David suggested that there were areas where I could bring these interests more strongly to my work or the outside projects I did. He commented that he felt there were parts of my personality, things that I said were important to my day to day sense of wellbeing, that might make working in an animal welfare organization difficult. He also observed something unexpected, which is that there were elements of my day job that actually fit very closely to the day-to-day tasks I said that I liked. I began to think about ways to tweak and shift the responsibilities at my job to focus more in two particular areas: the writing and creative projects that I enjoy the most, and becoming more of an expert in trees and the urban forest (which was what most attracted me to my company in the first place). He didn’t encourage me to stay or to go, he simply helped me to isolate the essential issues and gave me some questions to think about.
I decided to stay at my job for the time being and see if I could create more space and excitement around the parts of it that I liked the most. One of the biggest changes I made was to approach my boss about starting a blog for our business, where I could write about trees, soil, urban design, and green infrastructure.
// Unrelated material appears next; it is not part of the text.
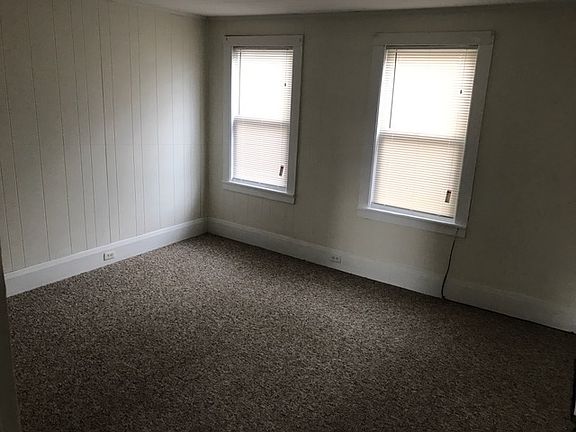 Large bright livingroom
I committed to writing and updating the blog three times a week. I asked other people to write for the blog, too, so that I could do more editing work, and wrote opinion pieces for other sites. I studied to become a certified arborist. These changes looked small, especially from the outside and especially at first, but each small thing developed into more responsibilities of my own design that I enjoyed and that stretched my role within the company. As my boss saw the value of the blog, it reinforced its importance to our business rather than being just a pet project of mine. That was over three years ago, and I am happier at my job now than I have ever been. I still do volunteer work in animal welfare in my spare time, which makes me very happy because it’s important to me. But it doesn’t consume my sense of self.
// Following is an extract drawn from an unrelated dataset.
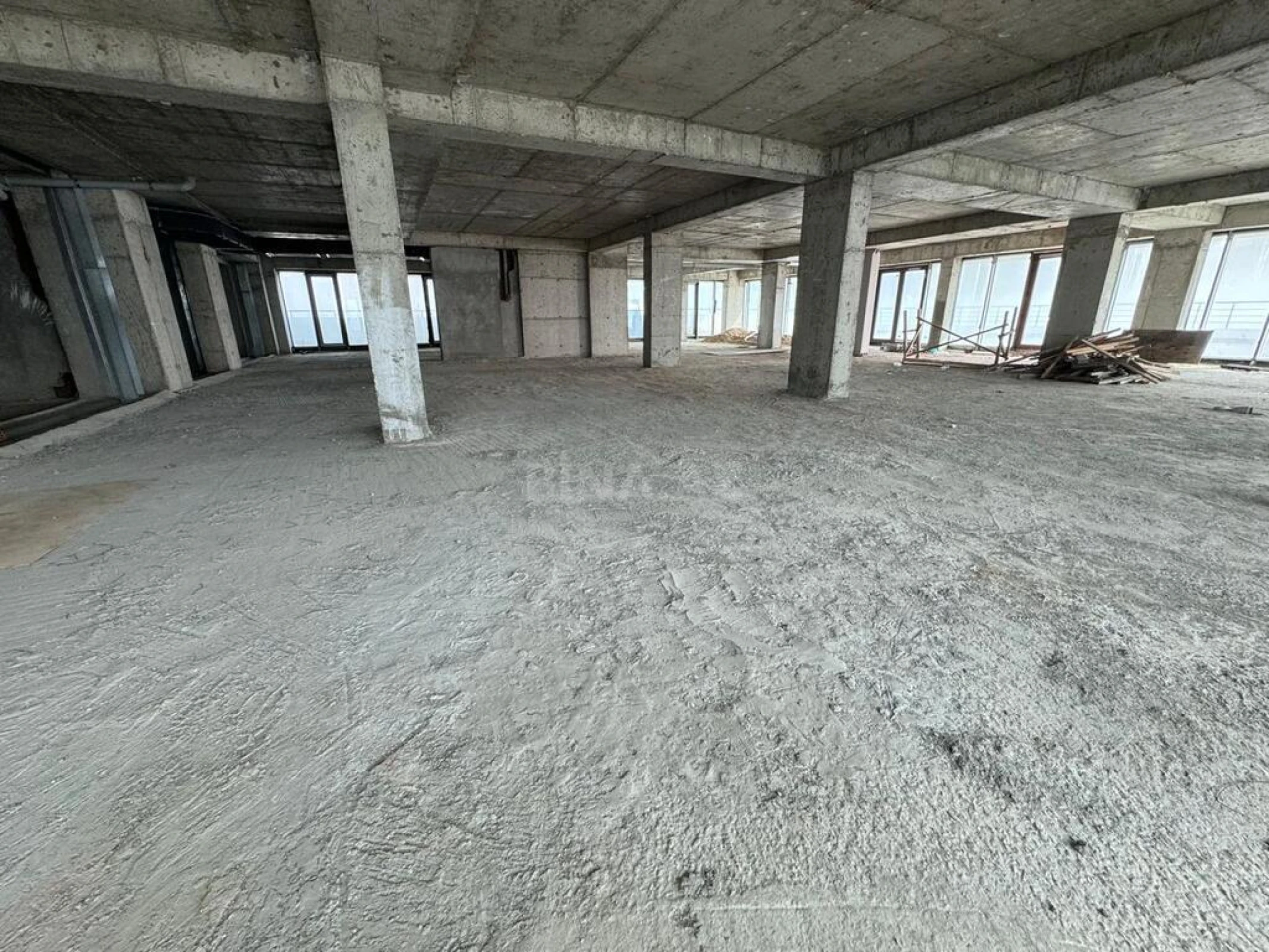 Satılır 10 otaqlı mənzil 1000 m²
Not all coaches are created equal. A big part of a successful coaching relationship comes down to personal chemistry and to your own willingness to participate. Find someone who can deliver not just thoughtful advice, but thoughtful advice that you can hear. David’s “Five Tenets of Freedom” philosophy was a good fit for me. He managed to be encouraging and incredibly helpful without being a cheerleader. There were no pep talks or affirmations of my worth and value as an individual. He was direct and specific and demanding, and always respectful. He wasn’t satisfied with easy answers, and didn’t want me to be satisfied with them, either. While this was confronting and difficult at times, I ended up really appreciating it about him. I think of myself as an introspective and reflective person, but David forced me to examine my own interests and motivations with an honesty and rigor that I hadn’t before. He didn’t provide definitive answers about what I should do. He helped me figure out the questions I should be asking myself.